Tânia Carvalho : Système d'équations
Scène

Tânia Carvalho : Système d’équations

Issue de la nouvelle vague de la danse portugaise, Tânia Carvalho fusionne la danse et la musique de très intéressante manière dans From me I can’t escape, have patience!, un spectacle présenté à l’occasion du Festival TransAmériques.

Depuis son tout premier solo, qu’elle dansait en silence sur un rythme bien défini, Tânia Carvalho cherche à resserrer le lien entre la danse et la musique. Son rêve: arriver à ce que les gens apprécient ses chorégraphies sans se poser de questions, comme ils le font en écoutant de la musique. Le moyen de s’en approcher: donner une portée émotive à ses mouvements pour faire de ses oeuvres un parcours à travers une suite d’émotions. D’où leur très forte dimension expressionniste. "Ça n’empêche pas les gens de s’interroger!" reconnaît la chorégraphe en riant.

Dans la poursuite de ses ambitions, elle se frotte assez tôt au piano et à la composition pour percer les secrets de la création musicale, et finit par penser la danse comme du son. "J’ai appris que le mouvement et le son étaient totalement opposés, confie la créatrice membre du collectif Bomba Suicida. En musique, tout est très mathématique et le résultat est très émotionnel. En danse, la création est très émotionnelle et le résultat est une énigme qu’on interroge sans cesse." La solution pourrait-elle être alors de rendre la création chorégraphique plus mathématique?

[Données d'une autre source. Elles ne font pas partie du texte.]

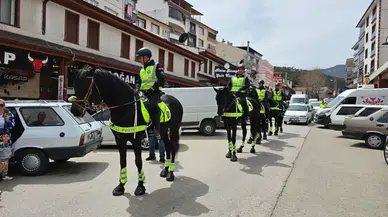 Kızılcahamam’da Atlı Polislere Yoğun İlgi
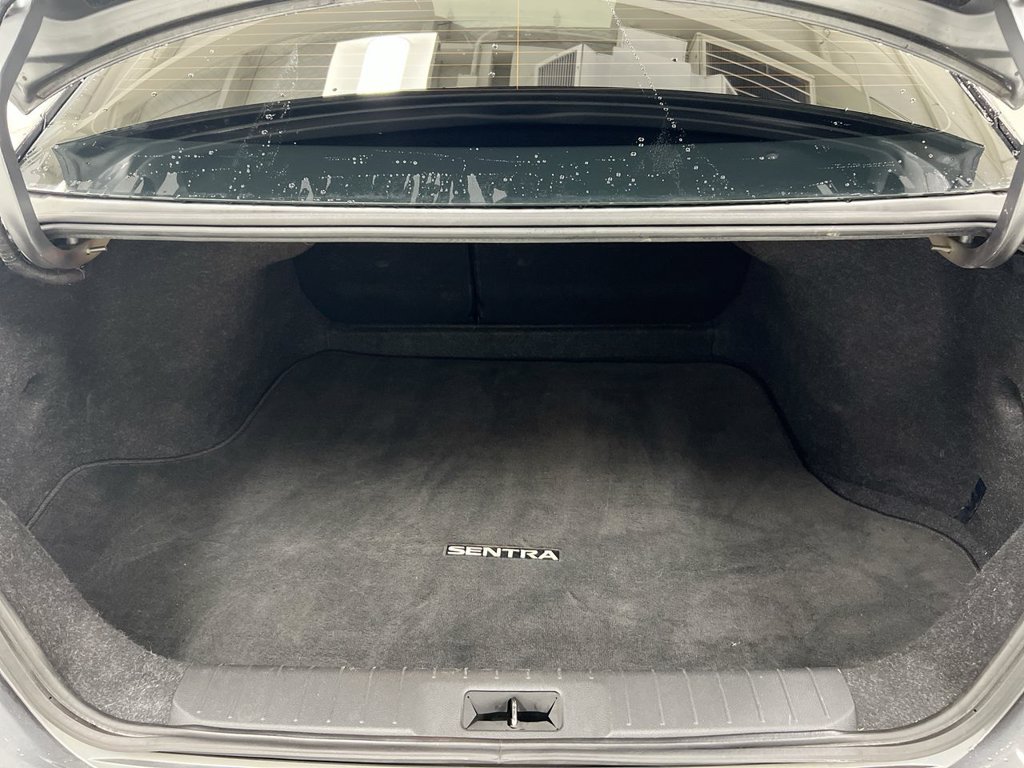 Used 2021 Nissan Sentra SR FWD image 23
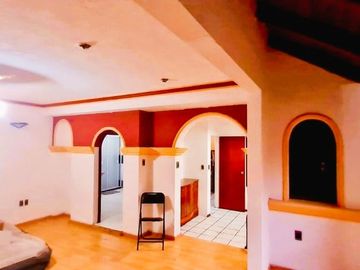 La casa está ubicada en la col. Fuentes de Morelia una de las zonas con más plus valía, seguras, bonitas & cotizadas de Morelia estando a min. literal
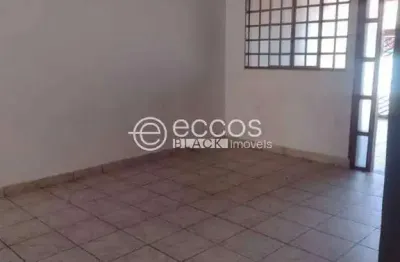 Casa com 3 quartos à venda na Rua Idalina Vieira Borges, 115, Taiaman, Uberlândia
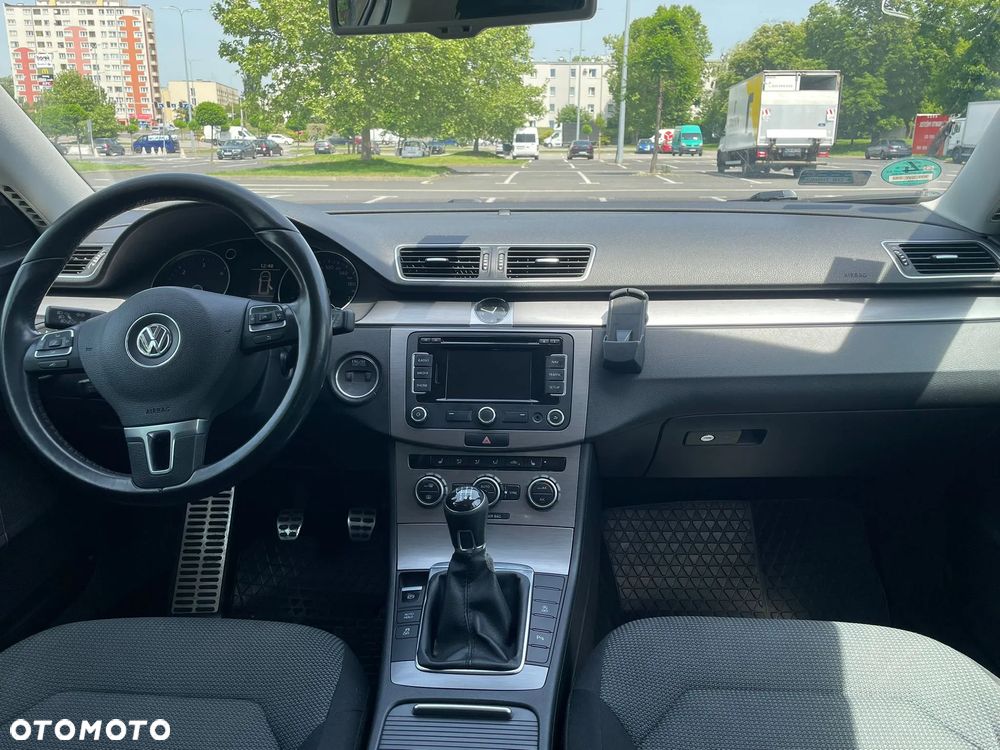 Volkswagen Passat 2.0 TDI Comfortline - 25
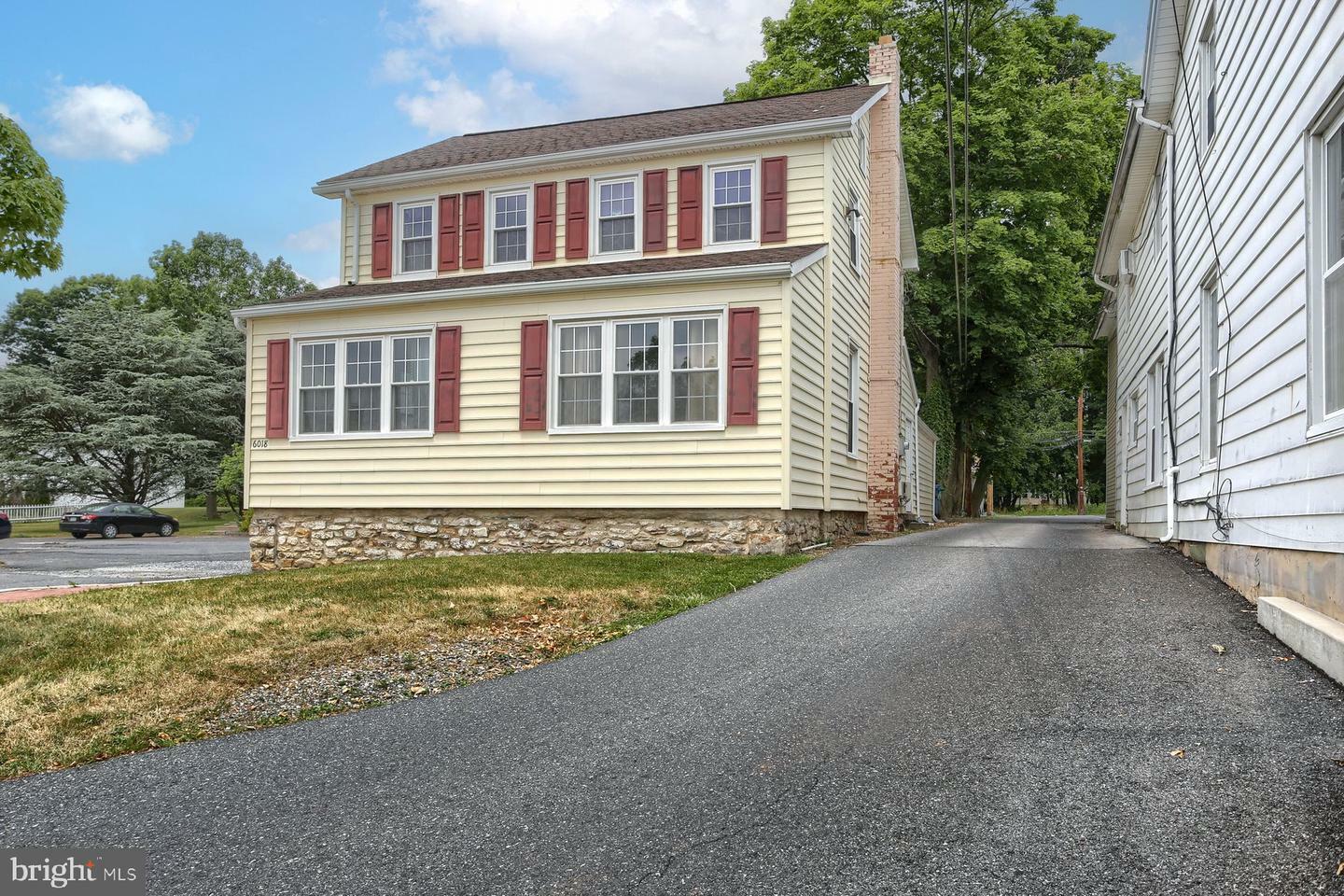 Property Photo: 6018 Linglestown Road PA 17112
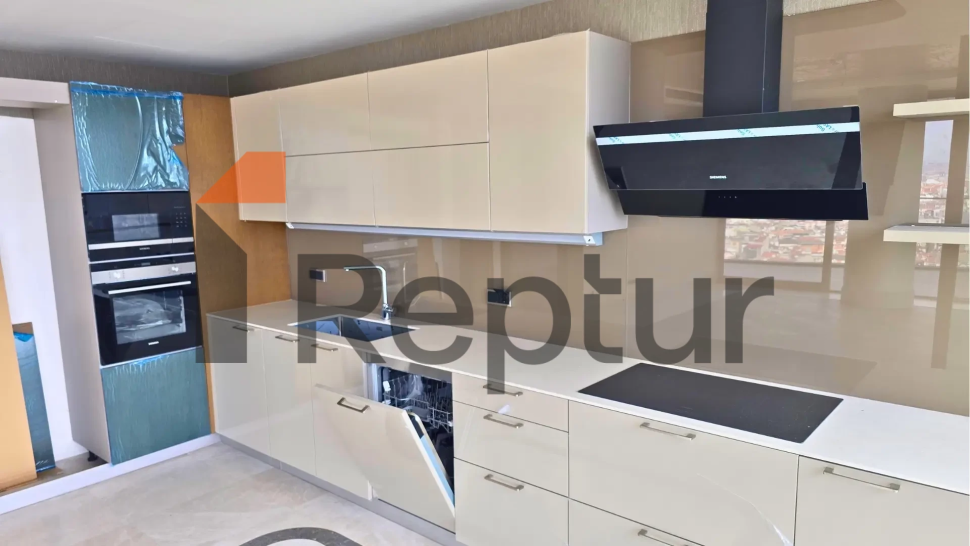 Buy an apartment in Istanbul 3.5+1 with a sea view in the historical center of Istanbul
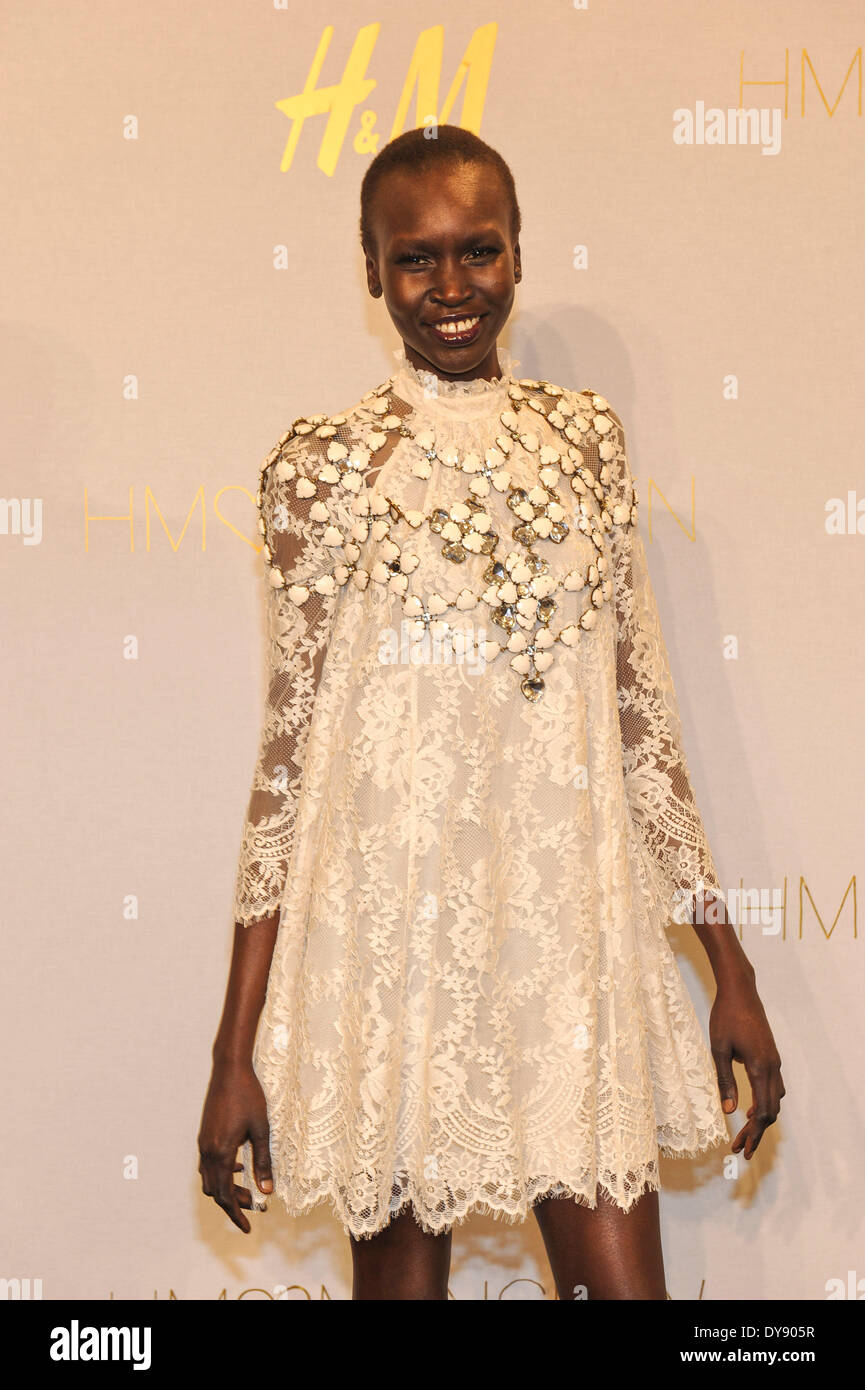 München, Deutschland. 9. April 2014. South Sudan britischem Vorbild besucht Alek Wek zum Grand Opening eines H & M-Store in München. Am 9. April 2014. Bildnachweis: Dpa picture Alliance/Alamy Live News Stockfoto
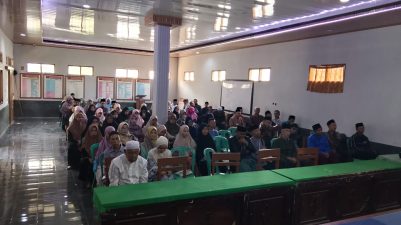 Pemdes Lembursawah Salurkan Dana Insentif Guru Ngaji dan Posyandu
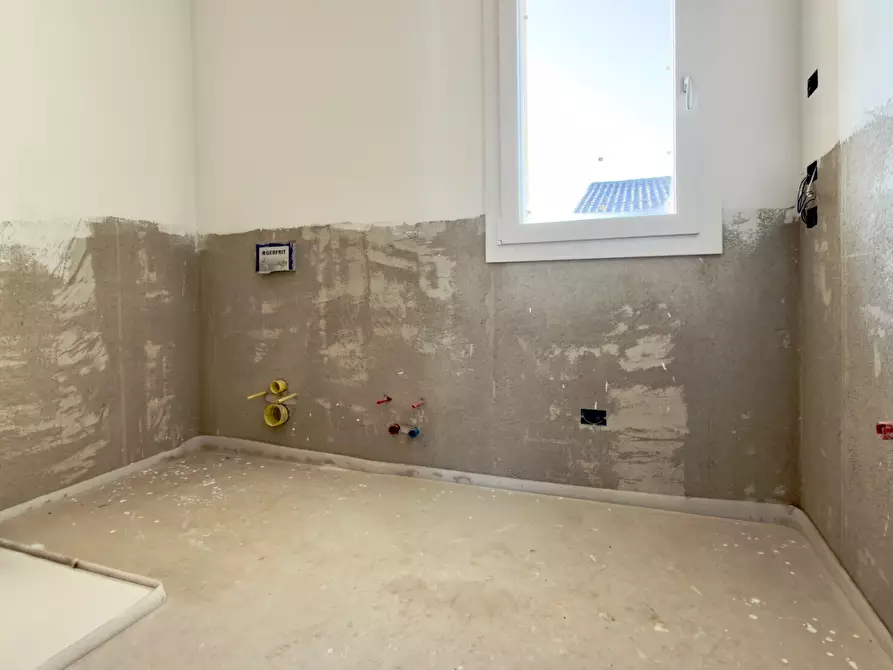 Immagine 16 di Quadrilocale in vendita  in Via Bolognina a Bedizzole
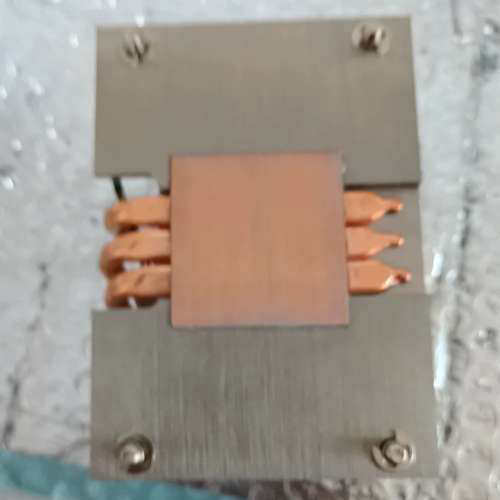 议价酷龙2011长方形2u主动散热器！3铜管散热！可以充新下单时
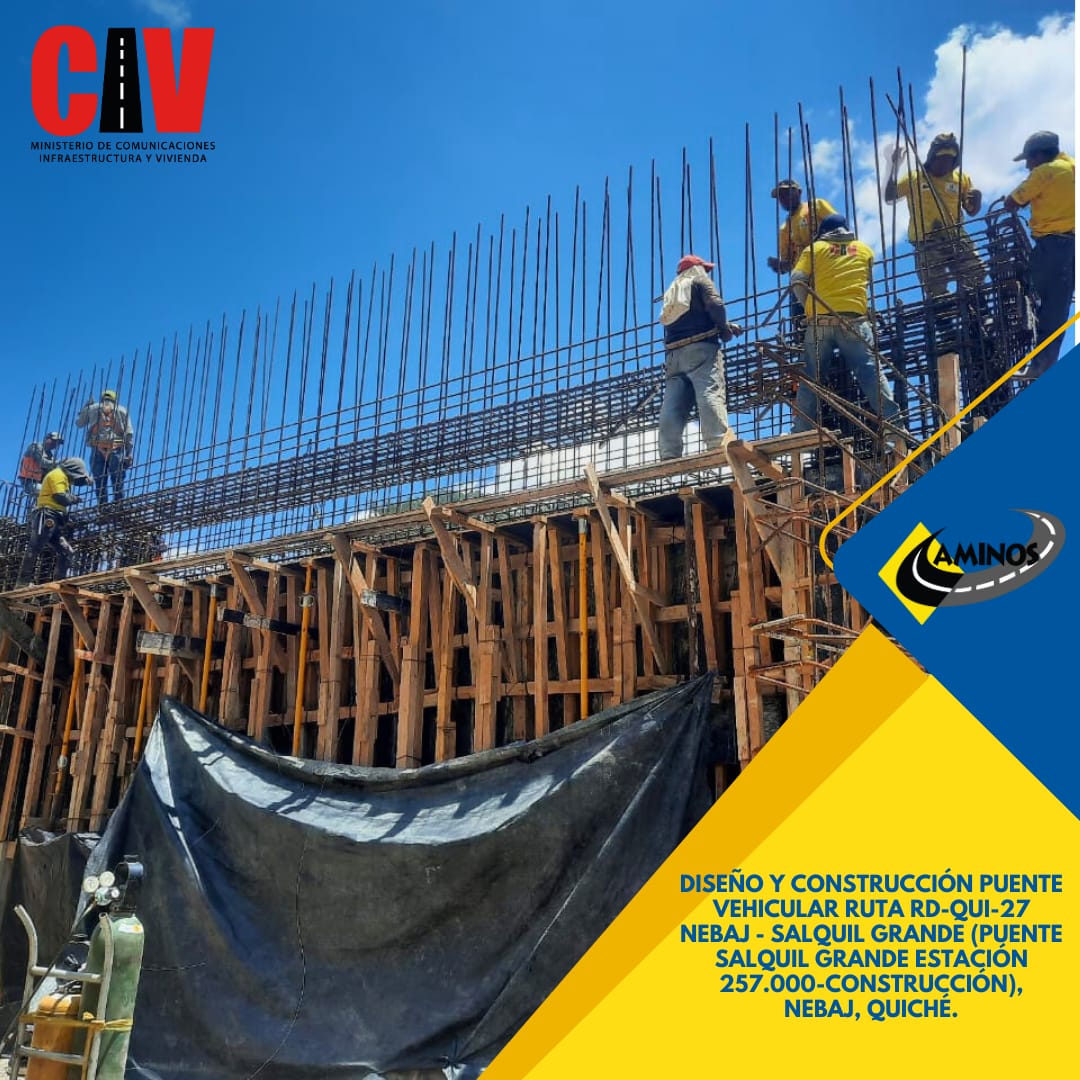 #ReporteDeAcciones | 📍 Seguimos con las labores de Diseño y construcción del puente vehicular en la ruta RD-QUI-27, Nebaj – Salquil Grande (Puente Salquil Grande km. 257 – Construcción) Nebaj, Quiché. Se realiza la fundición de la estructura. 🚜🚧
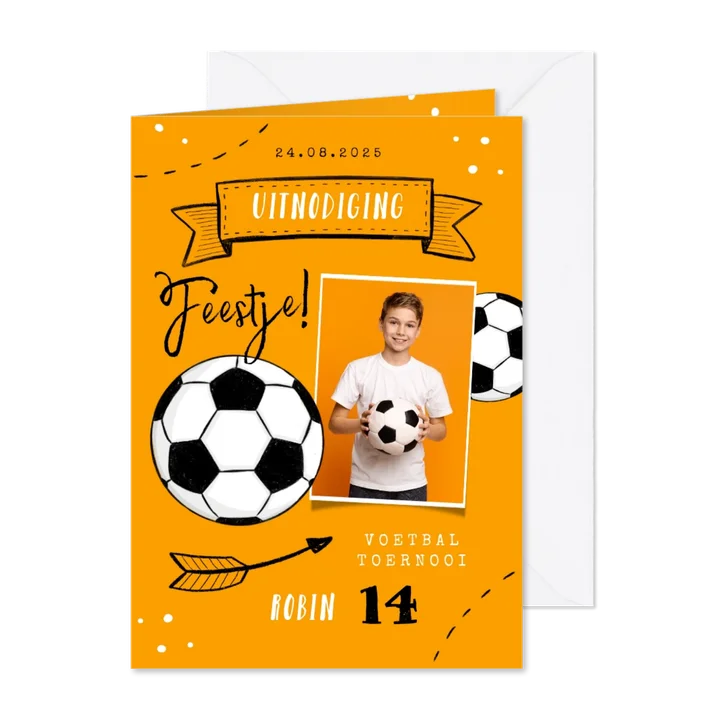 Uitnodiging voetbal verjaardag tiener oranje foto doodle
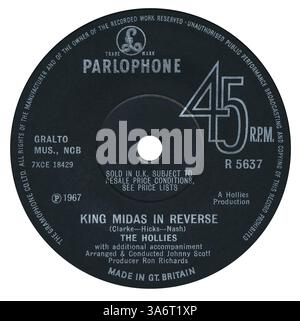 45 RPM 7' UK-Plattenlabel von King Midas in Reverse von The Hollies auf dem Label Parlophone ab September 1967. Geschrieben von Allan Clarke, Tony Hicks und Graham Nash. Arrangiert von Johnny Scott und produziert von Ron Richards. Stockfoto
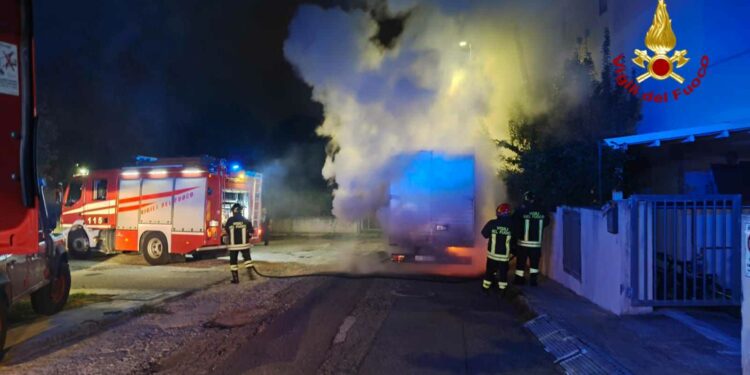 Nuoro: a fuoco un furgone in via Apuleio, sul posto i vigili del fuoco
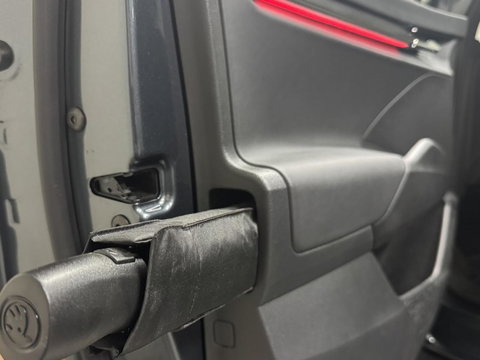 Škoda Enyaq iV 60 Sportline SOH 87% Carplay Camera Sfeerver. Stoel/Stuur verwarming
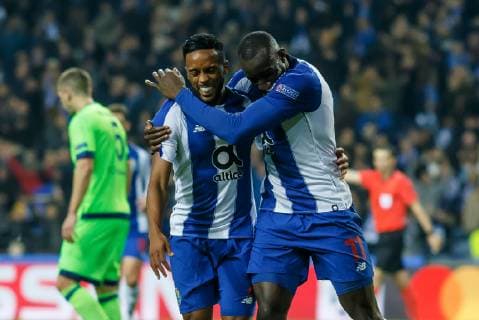 Portugal Porto 28 11 2018 UEFA Champions League 2018 19 Season Preliminary Group Phase Group D 5 Matchday FC Porto FC Schalke 04 Hernani FCP cheered the goal scorer Jesus Corona FCP to 3 1 DeFodi048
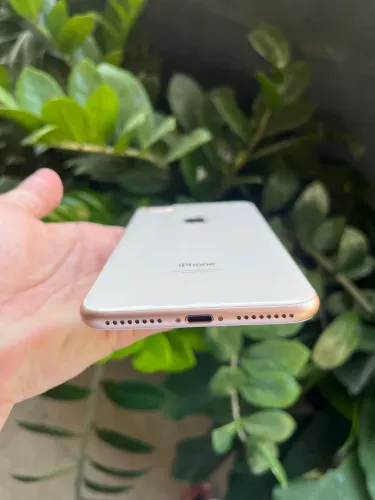 Vendo iPhone 8 Plus good rose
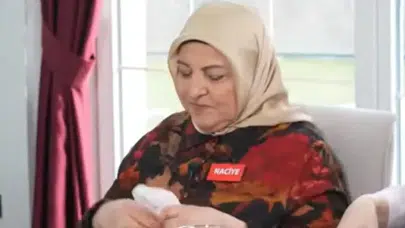 ZUHAL TOPAL’LA YEMEKTEYİZ NACİYE İSKENDER KİMDİR! Kaç yaşında, memleketi neresi, torunları var mı, mesleği ne?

"Je ne fais pas d’équations quand je crée, mais j’essaie de tracer des sortes d’images sur le sol avec les déplacements des danseurs et je joue sur les variations de vitesse de leurs mouvements pour créer le type d’évolution rythmique qu’on peut trouver dans la musique", explique-t-elle. Dans la pièce qui marque sa première incursion en territoire canadien, les quatre interprètes (Marlène Freitas, Luis Guerra, Maria João Rodrigues et Ricardo Vidal) occupent une position de départ qui inscrit les angles d’un carré sur le sol. Placée côté jardin, la chorégraphe, totalement engagée dans son rôle de pianiste, semble les diriger.

"Les danseurs sont comme des marionnettes manipulées par le son, explique celle qui est aussi chanteuse et actrice. D’abord, elles montrent ce qu’elles savent faire, exécutent leur propre partition, puis elles changent de place pour essayer d’imiter quelqu’un d’autre et en éprouvent de la confusion. Il se produit alors une espèce d’explosion, elles deviennent un peu folles, puis reviennent à leur point de départ pour reprendre leurs propres mouvements. Ça se passe trois fois de suite, et à la fin, elles se résignent à accepter qu’elles ne peuvent échapper à ce qu’elles sont." D’où le titre From me I can’t escape, have patience!, inspiré d’un poème d’une compatriote.

L’on jurerait que la musique commande le mouvement, mais la grande surprise est que ce dernier a été en amont et que Carvalho a construit la partition musicale sur la chorégraphie à partir d’improvisations au piano et de morceaux connus sélectionnés pour leur concordance particulière. "Je commence toujours par improviser en solo dans le silence, indique la Lisboète de 35 ans. J’étudie les mouvements que je crée et je les transmets ensuite aux danseurs en studio en donnant des directives précises sur l’expressivité et le rendu que je souhaite obtenir." Cette fois, elle les a renvoyés au jeu d’acteur du Metropolis de Fritz Lang.

Une oeuvre intrigante et singulière qui ouvre de nouveaux horizons dans notre paysage chorégraphique.